## Provided information
- Opening Delimiter -

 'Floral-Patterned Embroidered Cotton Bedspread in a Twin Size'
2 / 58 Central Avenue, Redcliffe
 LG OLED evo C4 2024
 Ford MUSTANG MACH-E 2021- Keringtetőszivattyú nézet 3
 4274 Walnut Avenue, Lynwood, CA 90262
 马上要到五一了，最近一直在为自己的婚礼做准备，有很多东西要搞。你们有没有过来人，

- Closing Delimiter -
- Opening Delimiter -

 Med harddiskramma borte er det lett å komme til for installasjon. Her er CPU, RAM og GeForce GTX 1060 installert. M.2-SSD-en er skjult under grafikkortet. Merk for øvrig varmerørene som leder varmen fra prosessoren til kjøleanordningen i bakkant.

- Closing Delimiter -
- Opening Delimiter -

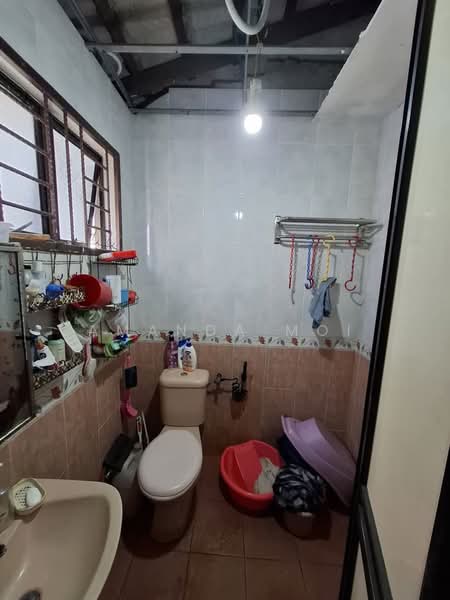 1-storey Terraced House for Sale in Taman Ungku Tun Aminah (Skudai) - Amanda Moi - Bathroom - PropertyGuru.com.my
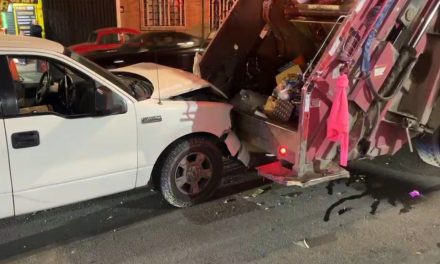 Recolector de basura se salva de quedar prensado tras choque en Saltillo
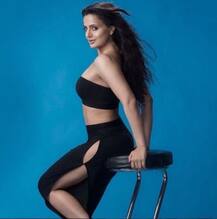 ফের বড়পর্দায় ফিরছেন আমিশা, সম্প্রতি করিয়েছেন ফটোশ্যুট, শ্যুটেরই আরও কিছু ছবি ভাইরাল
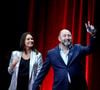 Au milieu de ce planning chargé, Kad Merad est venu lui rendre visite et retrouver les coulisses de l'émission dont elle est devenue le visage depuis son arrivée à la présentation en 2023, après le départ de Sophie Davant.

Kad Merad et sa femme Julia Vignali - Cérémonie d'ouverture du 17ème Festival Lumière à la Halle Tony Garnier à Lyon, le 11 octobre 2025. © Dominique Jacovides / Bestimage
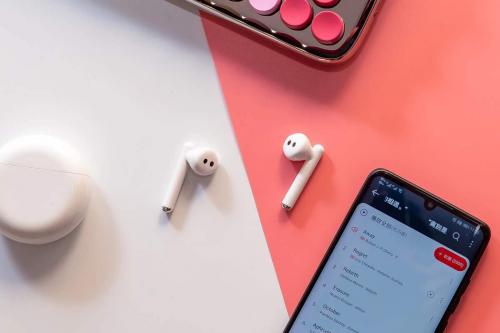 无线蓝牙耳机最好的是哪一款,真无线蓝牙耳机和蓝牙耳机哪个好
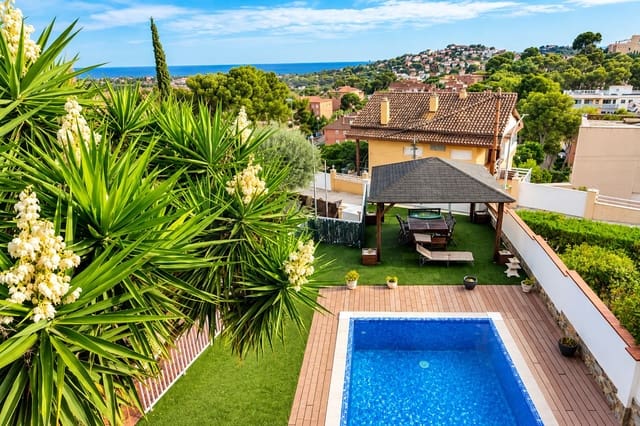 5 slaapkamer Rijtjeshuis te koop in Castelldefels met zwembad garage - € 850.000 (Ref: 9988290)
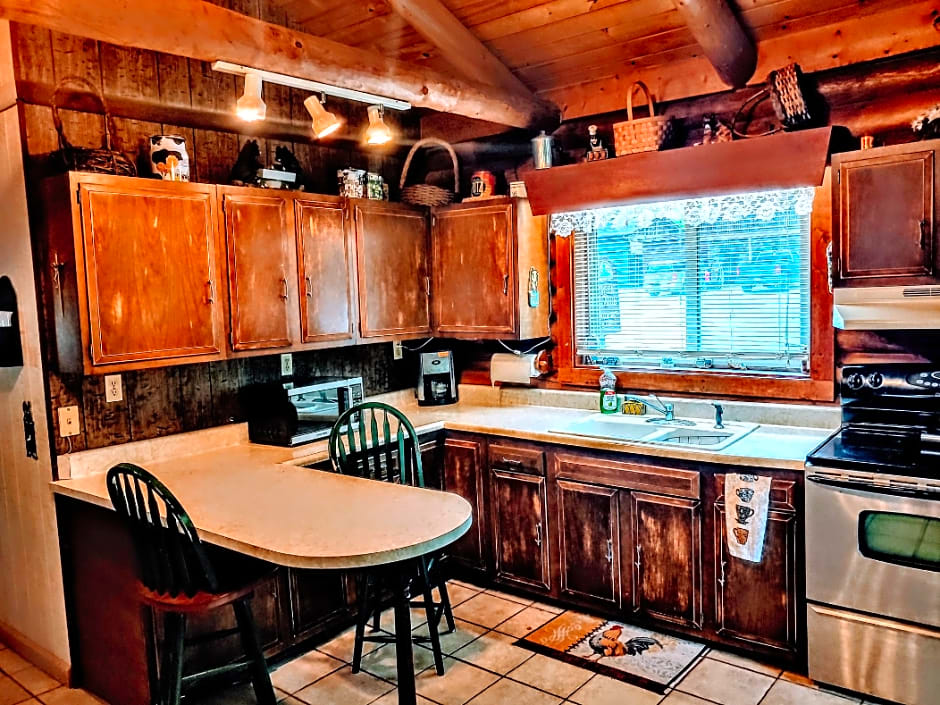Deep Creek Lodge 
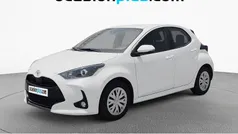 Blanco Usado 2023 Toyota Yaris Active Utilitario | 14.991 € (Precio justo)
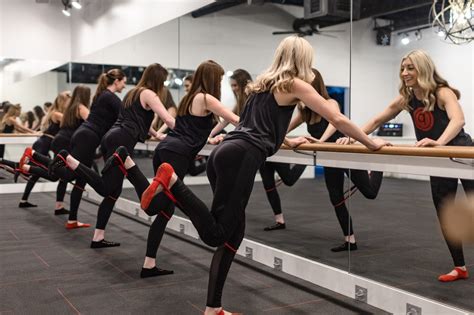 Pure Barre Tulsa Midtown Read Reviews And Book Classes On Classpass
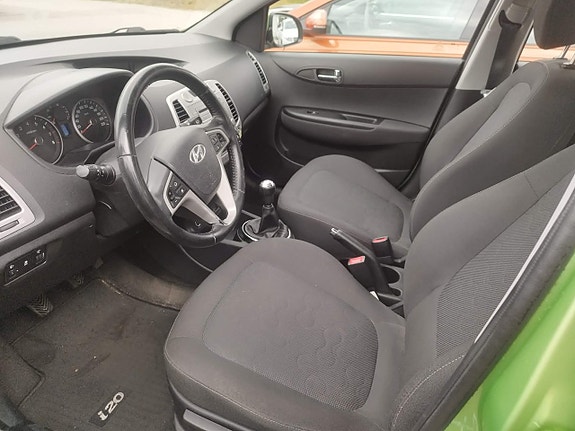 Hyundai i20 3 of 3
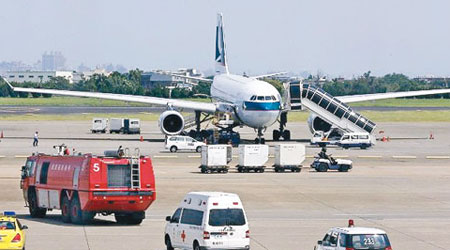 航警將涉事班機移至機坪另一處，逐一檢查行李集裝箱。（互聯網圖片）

- Closing Delimiter -

## Directions for this task
Look above for the line containing "Recolector de basura", then copy exactly from it through the line containing "Deep Creek Lodge", keeping both and leaving out pictures. Add nothing else.

## Solution below
 Recolector de basura se salva de quedar prensado tras choque en Saltillo
 ফের বড়পর্দায় ফিরছেন আমিশা, সম্প্রতি করিয়েছেন ফটোশ্যুট, শ্যুটেরই আরও কিছু ছবি ভাইরাল
 Au milieu de ce planning chargé, Kad Merad est venu lui rendre visite et retrouver les coulisses de l'émission dont elle est devenue le visage depuis son arrivée à la présentation en 2023, après le départ de Sophie Davant.

Kad Merad et sa femme Julia Vignali - Cérémonie d'ouverture du 17ème Festival Lumière à la Halle Tony Garnier à Lyon, le 11 octobre 2025. © Dominique Jacovides / Bestimage
 无线蓝牙耳机最好的是哪一款,真无线蓝牙耳机和蓝牙耳机哪个好
 5 slaapkamer Rijtjeshuis te koop in Castelldefels met zwembad garage - € 850.000 (Ref: 9988290)
Deep Creek Lodge 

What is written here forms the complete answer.